— DATASET RECORDS —

+===+

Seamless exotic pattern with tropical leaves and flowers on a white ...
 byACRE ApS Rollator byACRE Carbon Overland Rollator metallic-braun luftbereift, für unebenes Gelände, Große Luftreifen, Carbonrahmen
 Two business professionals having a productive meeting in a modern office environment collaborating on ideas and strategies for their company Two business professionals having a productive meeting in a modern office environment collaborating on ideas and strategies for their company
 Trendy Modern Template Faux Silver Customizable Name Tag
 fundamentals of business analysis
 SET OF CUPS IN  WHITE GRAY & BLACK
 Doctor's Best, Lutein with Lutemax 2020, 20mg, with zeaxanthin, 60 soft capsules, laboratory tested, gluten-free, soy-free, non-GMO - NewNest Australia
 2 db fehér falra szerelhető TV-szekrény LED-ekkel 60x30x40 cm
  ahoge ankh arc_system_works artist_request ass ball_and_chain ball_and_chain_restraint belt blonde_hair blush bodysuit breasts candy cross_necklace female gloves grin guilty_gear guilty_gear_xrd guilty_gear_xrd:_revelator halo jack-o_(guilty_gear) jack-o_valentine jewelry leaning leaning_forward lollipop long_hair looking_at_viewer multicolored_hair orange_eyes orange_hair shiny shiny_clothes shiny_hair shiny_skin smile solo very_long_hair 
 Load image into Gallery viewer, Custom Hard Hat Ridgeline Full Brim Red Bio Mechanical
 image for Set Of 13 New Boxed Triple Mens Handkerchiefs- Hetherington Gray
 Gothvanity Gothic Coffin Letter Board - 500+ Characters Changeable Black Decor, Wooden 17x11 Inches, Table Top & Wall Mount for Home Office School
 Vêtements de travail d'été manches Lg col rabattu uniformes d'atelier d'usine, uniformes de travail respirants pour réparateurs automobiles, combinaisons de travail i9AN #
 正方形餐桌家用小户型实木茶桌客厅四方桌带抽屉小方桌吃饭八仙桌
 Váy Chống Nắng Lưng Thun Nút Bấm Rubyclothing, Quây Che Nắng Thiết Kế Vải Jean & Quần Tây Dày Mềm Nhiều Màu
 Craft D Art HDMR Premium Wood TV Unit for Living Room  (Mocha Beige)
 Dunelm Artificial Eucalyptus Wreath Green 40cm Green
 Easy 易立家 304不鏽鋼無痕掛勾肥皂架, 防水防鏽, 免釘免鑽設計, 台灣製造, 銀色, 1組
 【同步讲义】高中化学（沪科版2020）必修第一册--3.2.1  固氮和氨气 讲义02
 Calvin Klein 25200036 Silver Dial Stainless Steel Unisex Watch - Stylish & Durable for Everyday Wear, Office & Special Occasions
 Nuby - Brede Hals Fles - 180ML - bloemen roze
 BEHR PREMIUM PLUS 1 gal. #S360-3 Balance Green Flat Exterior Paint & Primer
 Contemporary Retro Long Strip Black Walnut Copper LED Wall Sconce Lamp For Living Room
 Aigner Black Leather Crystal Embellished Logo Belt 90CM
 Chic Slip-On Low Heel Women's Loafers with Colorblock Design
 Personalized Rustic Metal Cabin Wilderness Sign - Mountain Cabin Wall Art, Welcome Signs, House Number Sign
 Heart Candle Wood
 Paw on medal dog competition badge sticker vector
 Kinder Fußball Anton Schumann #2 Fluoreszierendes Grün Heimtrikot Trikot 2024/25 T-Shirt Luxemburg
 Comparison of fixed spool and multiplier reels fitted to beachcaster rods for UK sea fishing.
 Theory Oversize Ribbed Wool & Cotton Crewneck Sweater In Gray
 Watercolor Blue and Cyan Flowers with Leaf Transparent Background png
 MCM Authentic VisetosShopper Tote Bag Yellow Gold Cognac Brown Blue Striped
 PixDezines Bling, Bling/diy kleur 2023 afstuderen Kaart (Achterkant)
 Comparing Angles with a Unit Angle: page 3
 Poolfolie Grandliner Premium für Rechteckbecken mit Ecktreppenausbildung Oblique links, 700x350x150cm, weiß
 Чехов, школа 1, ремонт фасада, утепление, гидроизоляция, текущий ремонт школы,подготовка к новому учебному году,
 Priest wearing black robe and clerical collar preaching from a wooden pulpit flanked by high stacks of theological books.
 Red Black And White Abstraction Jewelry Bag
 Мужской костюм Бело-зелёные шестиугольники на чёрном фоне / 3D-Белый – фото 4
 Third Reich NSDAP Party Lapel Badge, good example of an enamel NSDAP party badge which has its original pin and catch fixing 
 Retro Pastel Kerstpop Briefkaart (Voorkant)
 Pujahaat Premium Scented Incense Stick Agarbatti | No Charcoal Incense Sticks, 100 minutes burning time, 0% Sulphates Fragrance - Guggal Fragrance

+===+

The lines above, starting at the one with "Calvin Klein 25200036" and ending at the one with "Watercolor Blue and", are the only ones to return, exactly as written.

— YOUR SOLUTION —
 Calvin Klein 25200036 Silver Dial Stainless Steel Unisex Watch - Stylish & Durable for Everyday Wear, Office & Special Occasions
 Nuby - Brede Hals Fles - 180ML - bloemen roze
 BEHR PREMIUM PLUS 1 gal. #S360-3 Balance Green Flat Exterior Paint & Primer
 Contemporary Retro Long Strip Black Walnut Copper LED Wall Sconce Lamp For Living Room
 Aigner Black Leather Crystal Embellished Logo Belt 90CM
 Chic Slip-On Low Heel Women's Loafers with Colorblock Design
 Personalized Rustic Metal Cabin Wilderness Sign - Mountain Cabin Wall Art, Welcome Signs, House Number Sign
 Heart Candle Wood
 Paw on medal dog competition badge sticker vector
 Kinder Fußball Anton Schumann #2 Fluoreszierendes Grün Heimtrikot Trikot 2024/25 T-Shirt Luxemburg
 Comparison of fixed spool and multiplier reels fitted to beachcaster rods for UK sea fishing.
 Theory Oversize Ribbed Wool & Cotton Crewneck Sweater In Gray
 Watercolor Blue and Cyan Flowers with Leaf Transparent Background png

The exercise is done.